Fostering a Supportive Environment: The Shift Toward Collective Responsibility
The final, and most crucial, principle involves the creation of a supportive environment. Cultivating an open and collaborative culture emphasizes that cybersecurity is a shared responsibility. 这种转变可能是深远的, replacing fear of blame with a sense of collective ownership and an understanding that everyone's input is valuable.
结论
Incorporating Clear's principles into a cybersecurity culture represents a journey of transformation. 微小的变化, 当持续应用时, 能否创造一种自觉的文化, 负责任的, and equipped to handle cybersecurity events. 如果有什么值得借鉴的, it is that building a strong cybersecurity culture is not about rules and protocols—it is about habits. As 原子的习惯 illustrates, habits start small but have the power to bring about meaningful change. As the landscape of cybersecurity continues to evolve, the power of habits and their potential impact on organizations remain constant. Considering how these principles can be applied within an organization is invaluable to strengthening cybersecurity resilience.
免责声明
的观点, views and positions expressed in this article are solely those of the author and do not reflect the stance of the author's employer.

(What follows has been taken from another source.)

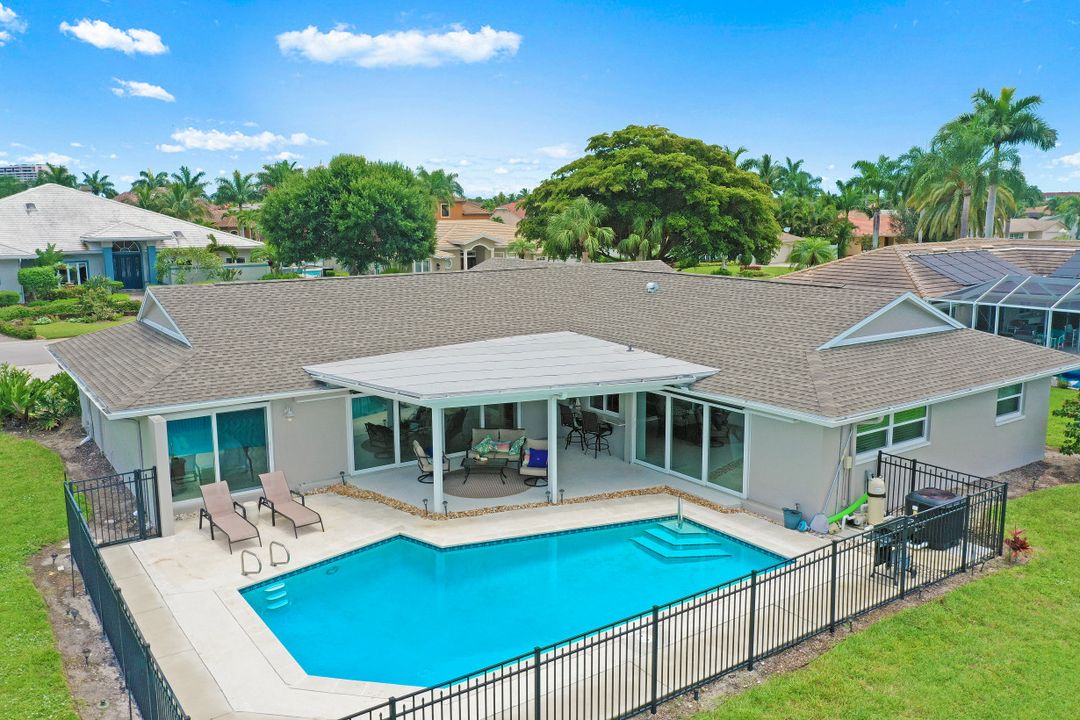 922 S Town and River Dr, Fort Myers, FL 33919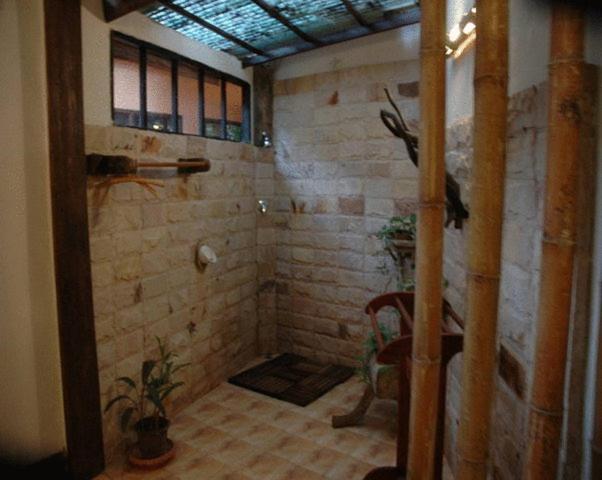 Momchailai Forest Retreat Канчанабури Стая снимка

The author's associated companies disclaim any responsibility for the accuracy, completeness or validity of the content and will not be held accountable for any related issues that might be found within.
尾注
1 哈里森,P.J.; “88% of Cloud Breaches Are Due to Human Error,” 金融科技时报, 2020
2 卡森,J.; 傻瓜的最低特权网络安全,威利,美国,2020
3 清楚,我.; 原子习惯:简单 & 养成好习惯的有效方法 & 绝命毒师,美国企鹅出版社,20183
4 同前.
5 National Institute of Standards and Technology, NIST Special Publication 800-39, Managing Information Security Risk Version 1.1 美国,2011年
Fouad毛拉, CISM, CISSP, CASP+
是云安全架构师吗, cybersecurity lead consultant and digital leader with more than 15 years of experience in the information and software industry. He has worked closely with global enterprises, playing a crucial role in ensuring their security and resilience. Mulla has guided numerous businesses in governing and protecting their critical information. His insights have empowered organizations to identify and understand cybersecurity risk, 支持战略业务决策, especially pertaining to critical infrastructure projects. Additionally, Mulla served as a technical reviewer of the book 多云管理指南 and has been a speaker at several leading cybersecurity conferences.